Data section START
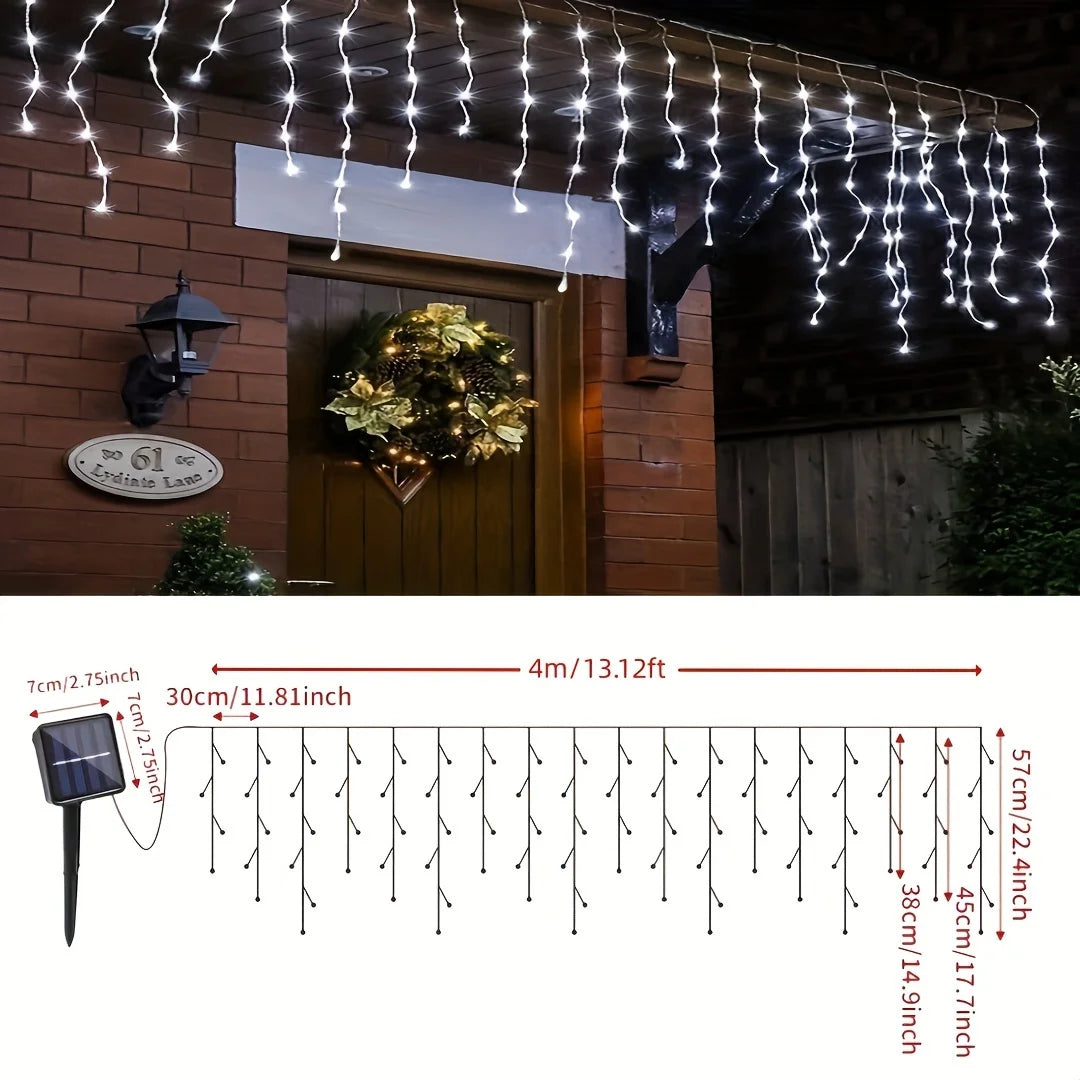 Solar Christmas String Light Outdoor Waterproof Garden Decor 96 Leds Curtain Lamp for Windows Stairs Wedding Home Fairy Light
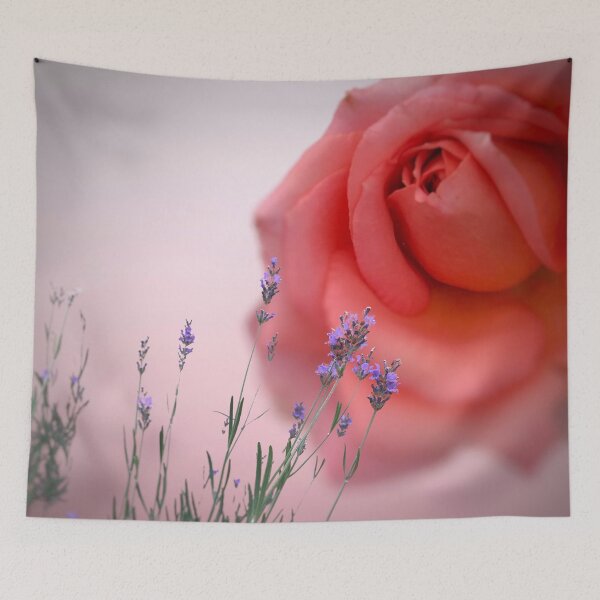 Item preview, Pink rose and lavender flowers  designed and sold by Khala.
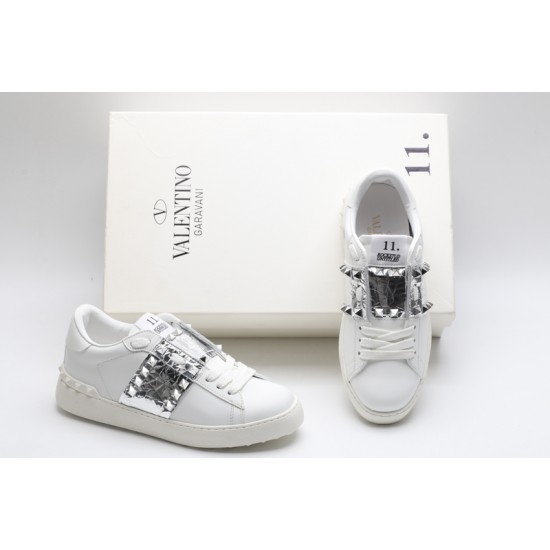 Valentino Garavani Low-Top Paneled Buffed Calfskin Sneaker White Silver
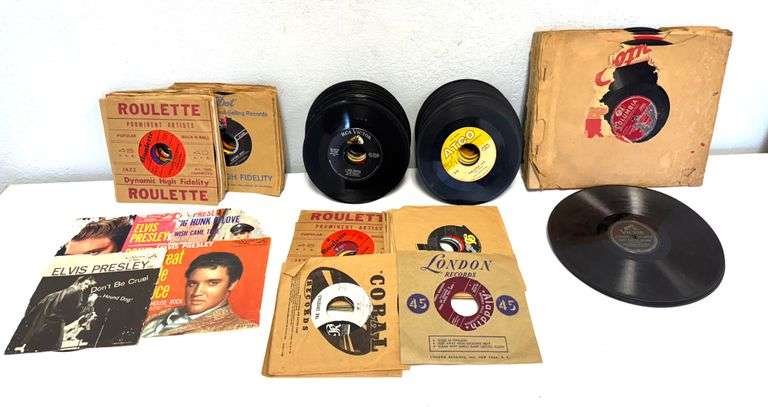 Large 124pc - 45 RPM & Early LP Record Collection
Data section END
■ Requirement ■
Faithful copy, images left out: write out every line of data.

■ Solution to the exercise ■
 Solar Christmas String Light Outdoor Waterproof Garden Decor 96 Leds Curtain Lamp for Windows Stairs Wedding Home Fairy Light
 Item preview, Pink rose and lavender flowers  designed and sold by Khala.
 Valentino Garavani Low-Top Paneled Buffed Calfskin Sneaker White Silver
 Large 124pc - 45 RPM & Early LP Record Collection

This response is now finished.